The present study only examines two types of writing systems – abjad (unpointed Hebrew) where most vowels are not expressed orthographically, and alphabetic (remaining 11 languages in Latin, Cyrillic, or Greek scripts). Yet even within written languages sharing the alphabetic principle, differences in word length distributions are behaviorally consequential. Languages with longer words (e.g., Finnish, Turkish) have lower rates of word skipping (e.g., words that are not fixated by the eye-gaze during reading; Siegelman et al., 2022) and elicit saccades that are both longer and land further into the word (Kuperman, 2022), as compared to languages with shorter words (e.g., English or Spanish). But behavioral patterns that are driven by the language-wide word distributions are logically and mathematically separate from the behavioral effects related to differences in word lengths within a language. For instance, Finnish has lower word skipping rates than English but one additional letter in a Finnish word may increase the skipping rate by the same amount as an additional letter in an English word. Mathematically, this example corresponds to the difference between language-specific intercepts and slopes of the word length effect. Regression analyses in the present study estimate both intercepts and slopes of this effect within and across languages.

Our present examination follows the same rationale as in the analysis of word frequency. A regression model that contains the critical interaction between word length and language (along with other predictors) enables us to quantify both the estimated word length effect for each language and the degree of cross-linguistic variability in this effect size. As argued above, we place more weight on the practical importance of an effect rather than their statistical significance. If an increase in one letter corresponds to an increase in the processing effort that is similar in practical terms across languages (e.g., a similar increase in reading times, a similar decrease in skipping rate), the conclusion is that orthographic complexity has the same impact on readers of all languages under examination.

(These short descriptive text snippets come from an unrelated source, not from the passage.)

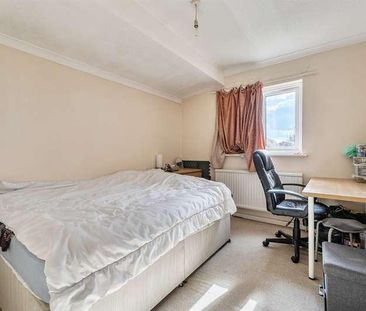 Salford Close, Reading, RG2 - Photo 4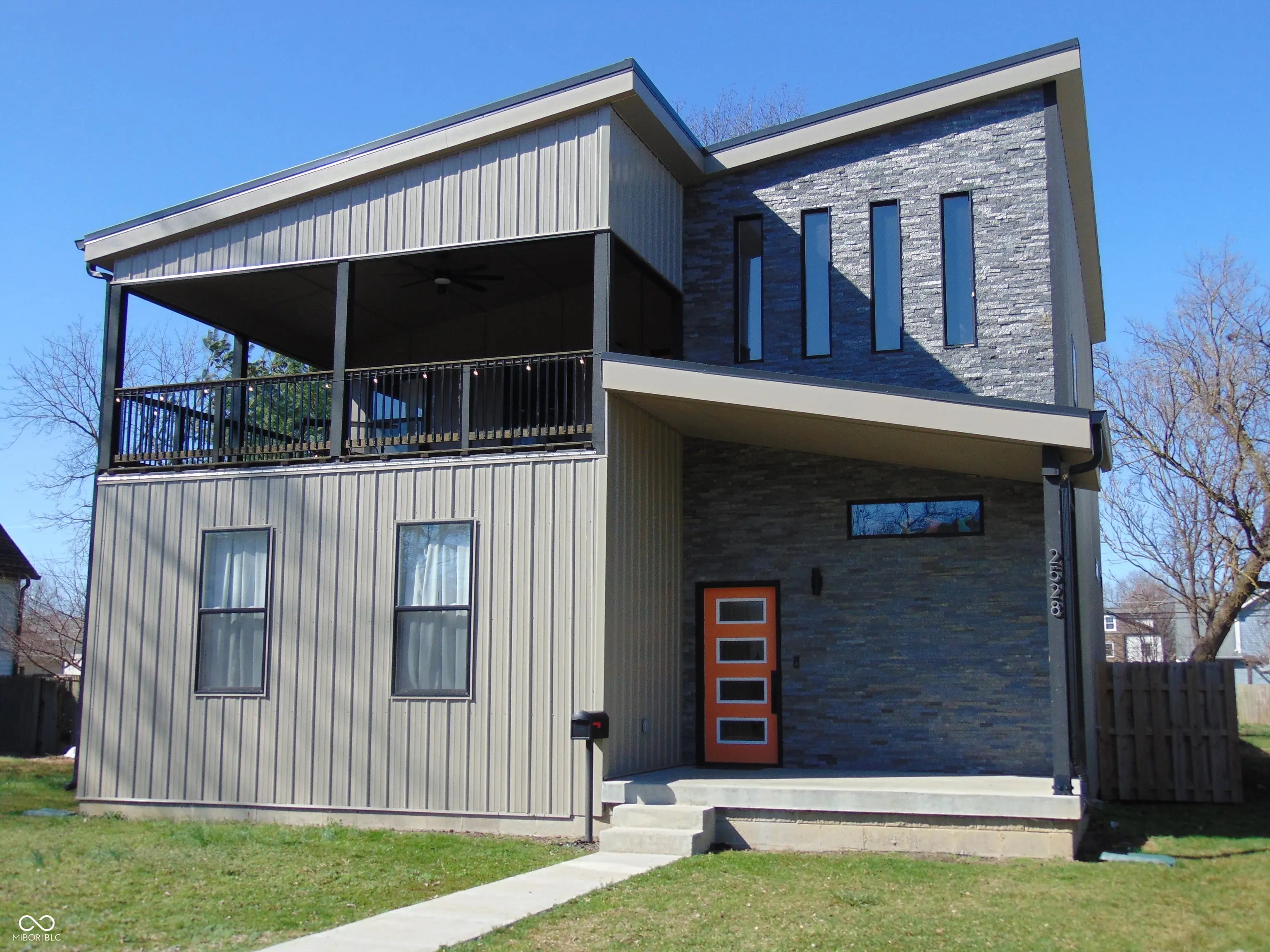 2528 Carrollton Avenue, Indianapolis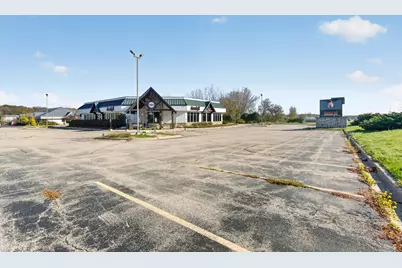 3650 W Washington St, West Bend, WI 53095 - Photo 51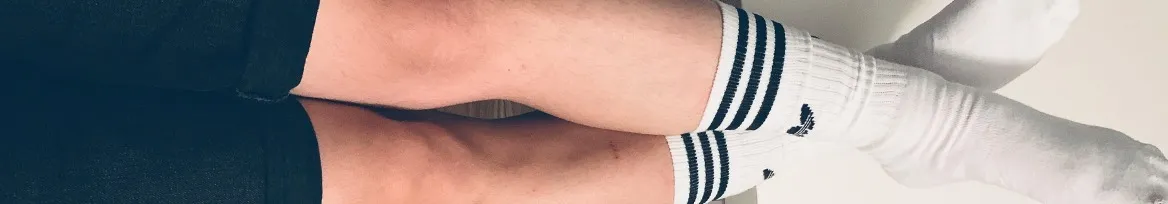 OnlyFans cuenta manysocks_boy header 2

Yet, as discussed above, prior literature lends some support for the alternative hypothesis, i.e., the word length effect size varies across languages. First, there may be a correlation between the intercepts and the slopes of the word length effect. It is expected and known that readers of languages that feature longer words spend more effort reading an average word of their language than their counterparts from a shorter-word language (the difference in intercepts). It may also be the case that they need to invest less effort into each additional letter because of their experience with longer words than the readers of shorter-word languages (the difference in slopes). Also, some models of word recognition (discussed in detail below) suggest that the word length effect is stronger in orthographically deep languages compared to languages with shallower orthographies.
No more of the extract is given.